In this episode of the Multipliers podcast, Spencer Burton, Michael Belasco, and Sam Carlson explore both of those variables in a candid, largely unscripted conversation that ranges from Michael’s RV park to Warren Buffett’s sticker collection to what the CRE career path looks like for the person who gets hired in 2027.
- You might also enjoy: Last episode’s conversation on how AI has shifted the threshold for CRE professionals: Episode 4 of Multipliers: AI Crossed the Threshold
- Related: Build the technical foundation the episode references: The A.CRE Accelerator
Episode 5 of Multipliers: It’s All Fundamentals
This is an internal episode, Spencer, Michael, and Sam, no guests, which is where the podcast tends to be at its most honest. The conversation picks up the thread from Episode 4, which examined how AI has crossed a meaningful threshold for the industry. Episode 5 asks the natural follow-on question: given that, what actually matters now? What should CRE professionals be doubling down on, and what assumptions about career building need to be revisited? Spencer is currently teaching at UNC while leading CRE Agents. Michael is in the middle of stabilizing his first RV park development, a project that has become a live laboratory for exactly the agentic AI tools the group discusses. Sam is running UpX. All three are co-contributors to A.CRE, a role they hold without formal titles, without a business plan, and apparently without anyone showing up to Airbnb living rooms on time.
Why This Episode, Why Now
Spencer arrived at this episode with one thing on his mind: the fundamentals. Specifically, whether AI is eroding them, and whether anyone is paying close enough attention to notice. He teaches a course at UNC each week, and what he sees in his students is a version of a question he first asked in fourth grade: if the calculator gives me the answer, why do I need to understand long division?

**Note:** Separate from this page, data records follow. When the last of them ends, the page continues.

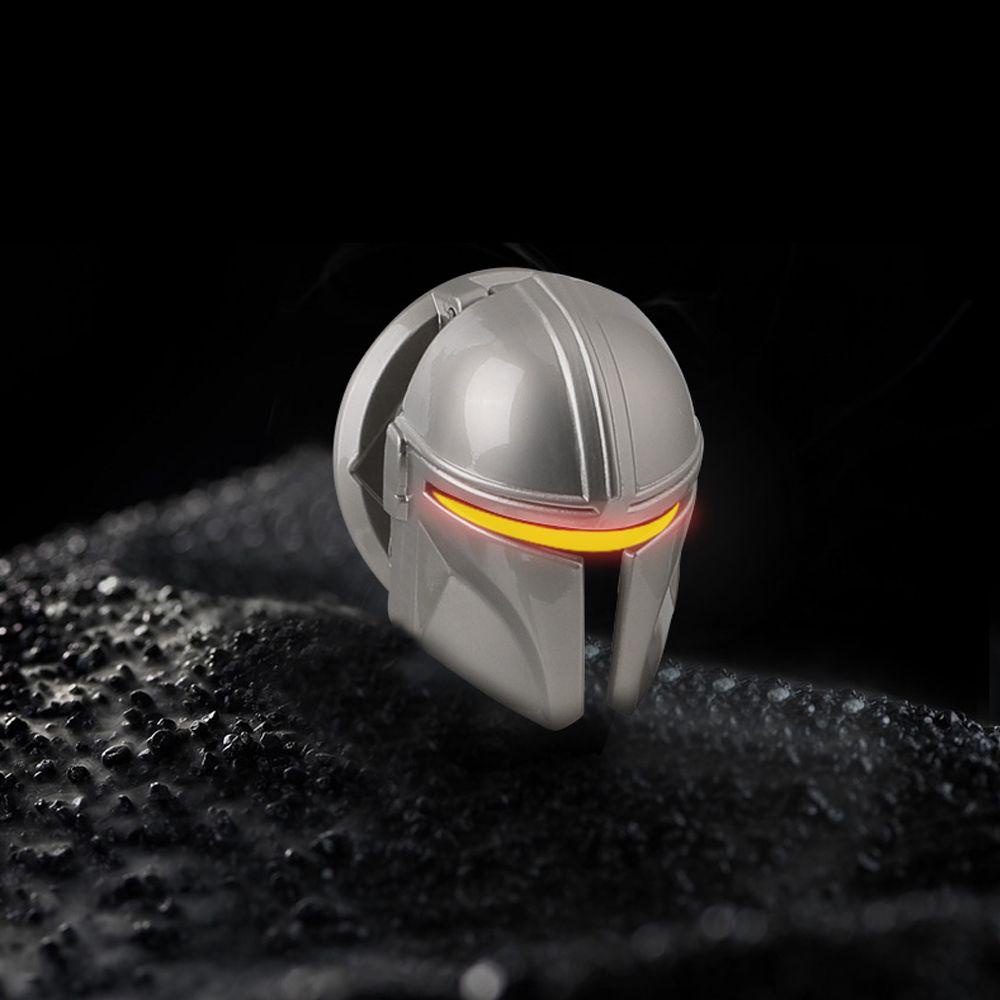 Vỏ Bọc Công Tắc Khởi Động Xe Hơi Trang Trí Nội Thất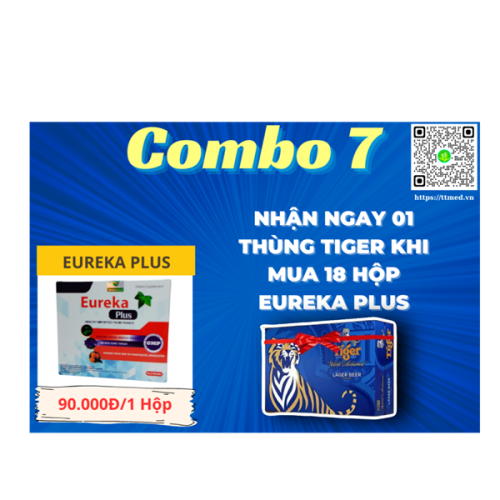 COMBO 7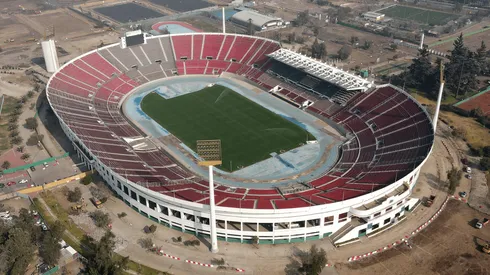 El Estadio Nacional no recibirá la ceremonia de Clausura en Santiago 2023.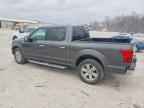 2018 FORD F-150 Lightning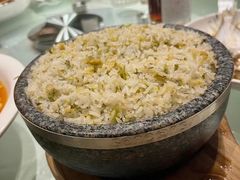 -老吉士酒家(天平路店)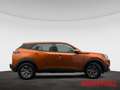 Peugeot 2008 e- Active 3-Phasen-Lader Carplay Kamera Tempomat Arancione - thumbnail 7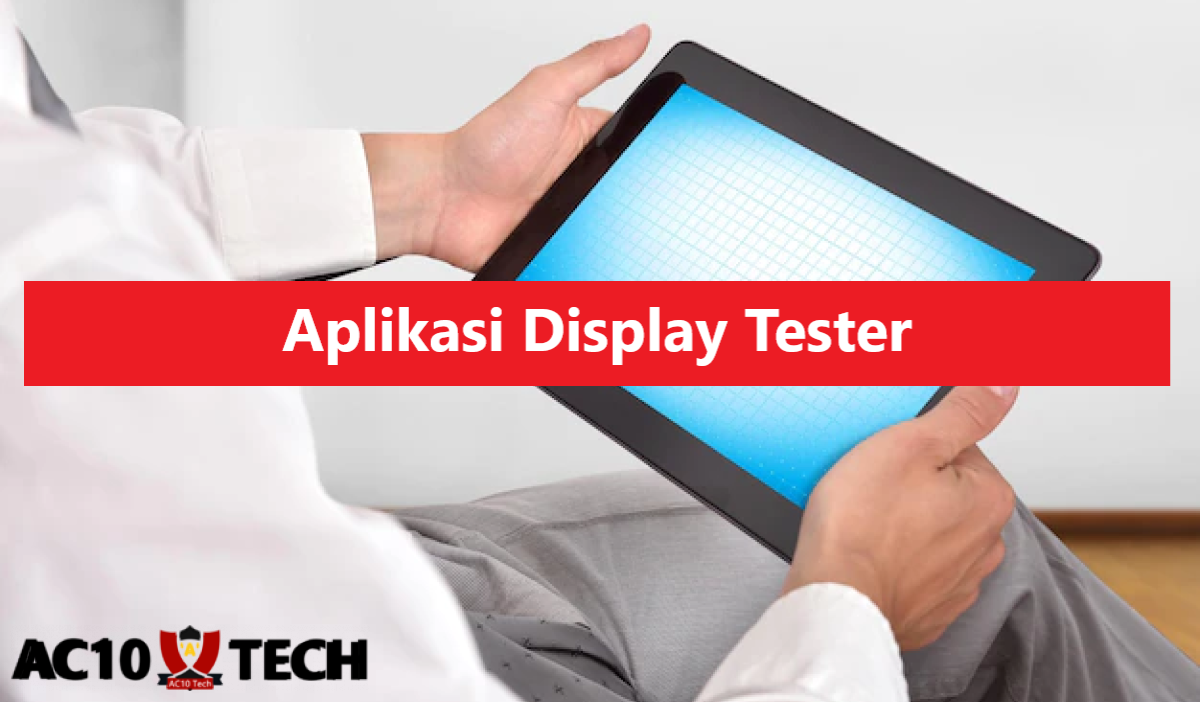 Cara Cek Touchscreen Realme dengan Mudah 2025 Cara Cek Touchscreen HP Realme dengan Display Tester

The question felt urgent enough to anchor an episode around, but the conversation didn’t start there. It started where most honest Multipliers episodes start, with what’s actually happening in the principals’ lives. Michael had just shared that his RV park was trending toward a 4x revenue week, driven in part by SEO and AI-optimization work he had implemented based on conversations with Spencer. That kind of real-world validation is rare enough in real estate development that it deserved airtime.
What emerged from that opening, the team that made it possible, the trust required to act on unconventional advice, the joy of watching a thesis play out, set the stage for everything that followed. The fundamentals conversation and the team conversation turned out to be the same conversation. Both are about the conditions that let you trust a result. Both are about knowing enough to know when something is wrong.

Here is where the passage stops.